Set the data down again, exactly as it reads, but without the pictures.

DATA PROVIDED>

__________

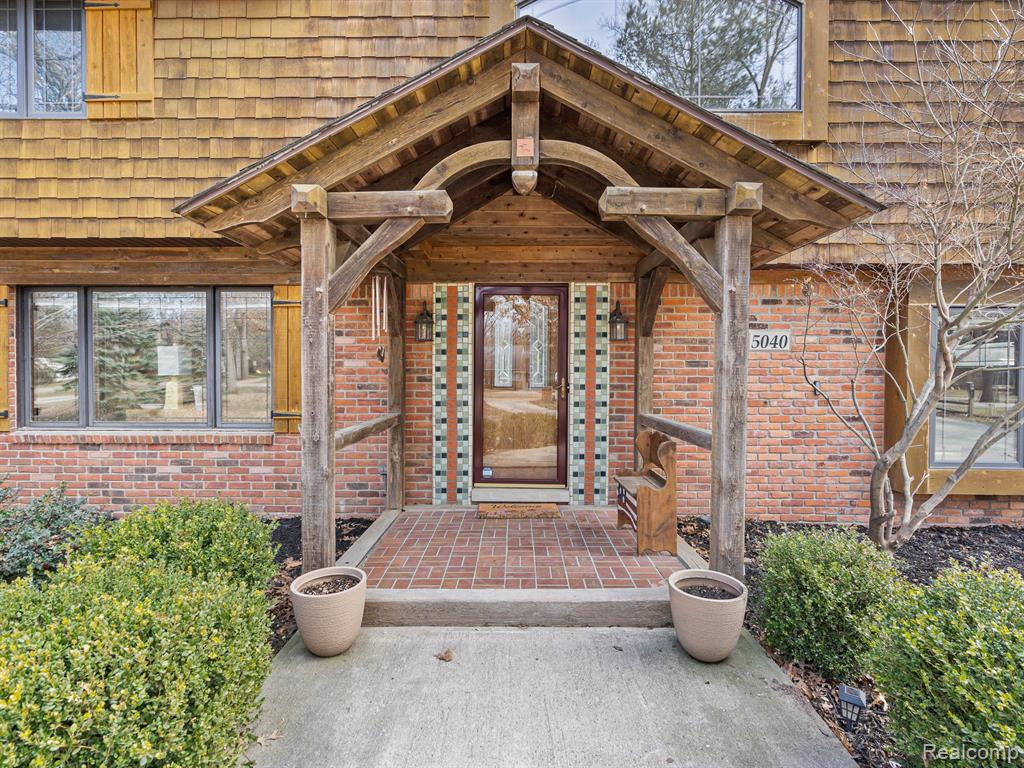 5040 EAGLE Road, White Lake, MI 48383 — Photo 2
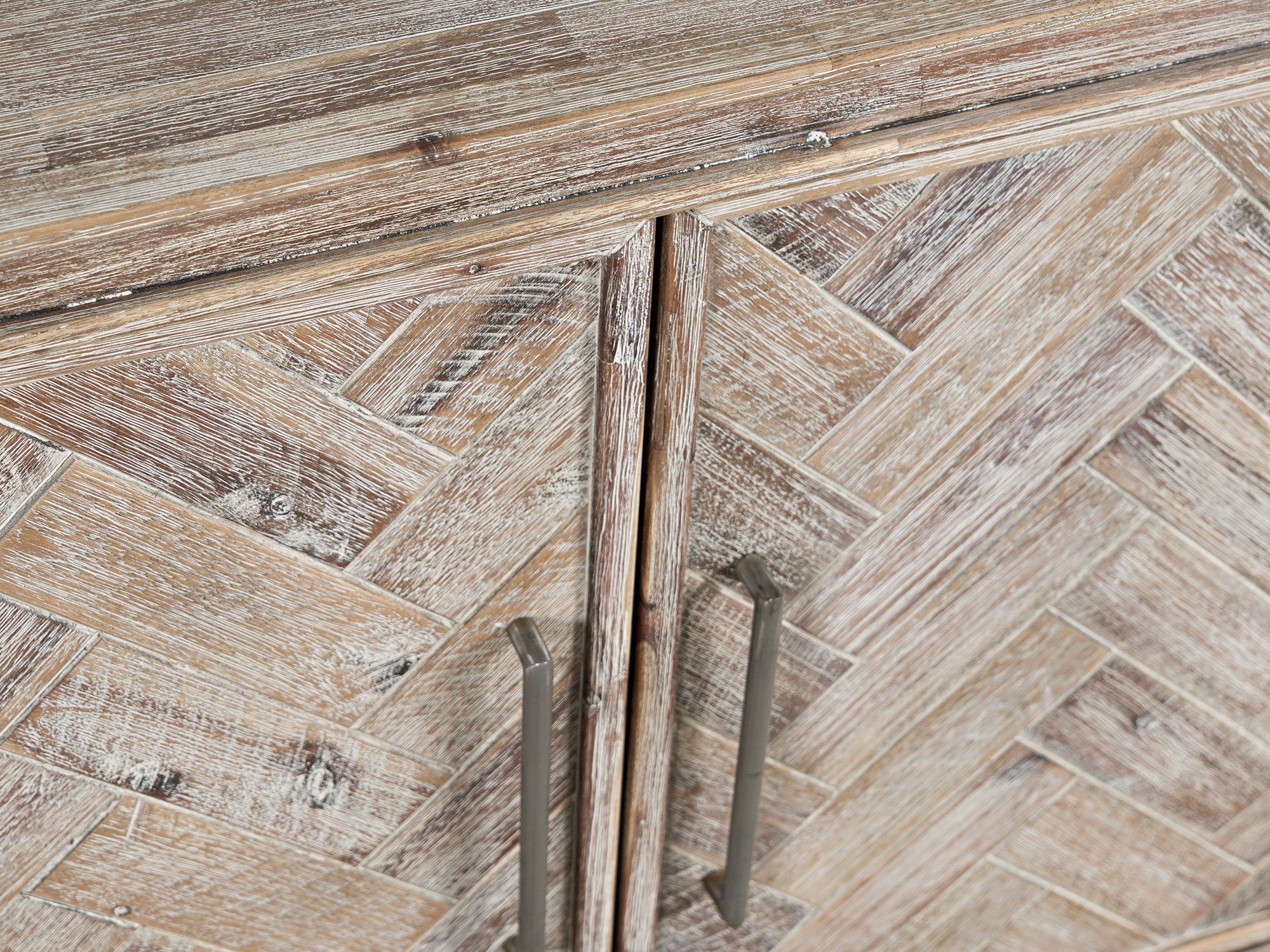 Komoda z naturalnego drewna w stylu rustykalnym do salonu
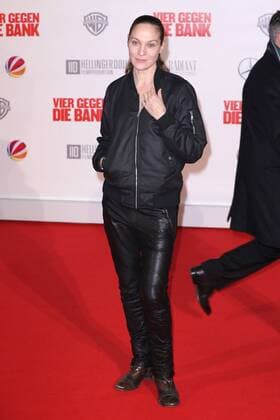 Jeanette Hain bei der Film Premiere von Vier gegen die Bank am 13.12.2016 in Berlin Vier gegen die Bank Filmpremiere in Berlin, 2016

__________

SOLUTION>
 5040 EAGLE Road, White Lake, MI 48383 — Photo 2
 Komoda z naturalnego drewna w stylu rustykalnym do salonu
 Jeanette Hain bei der Film Premiere von Vier gegen die Bank am 13.12.2016 in Berlin Vier gegen die Bank Filmpremiere in Berlin, 2016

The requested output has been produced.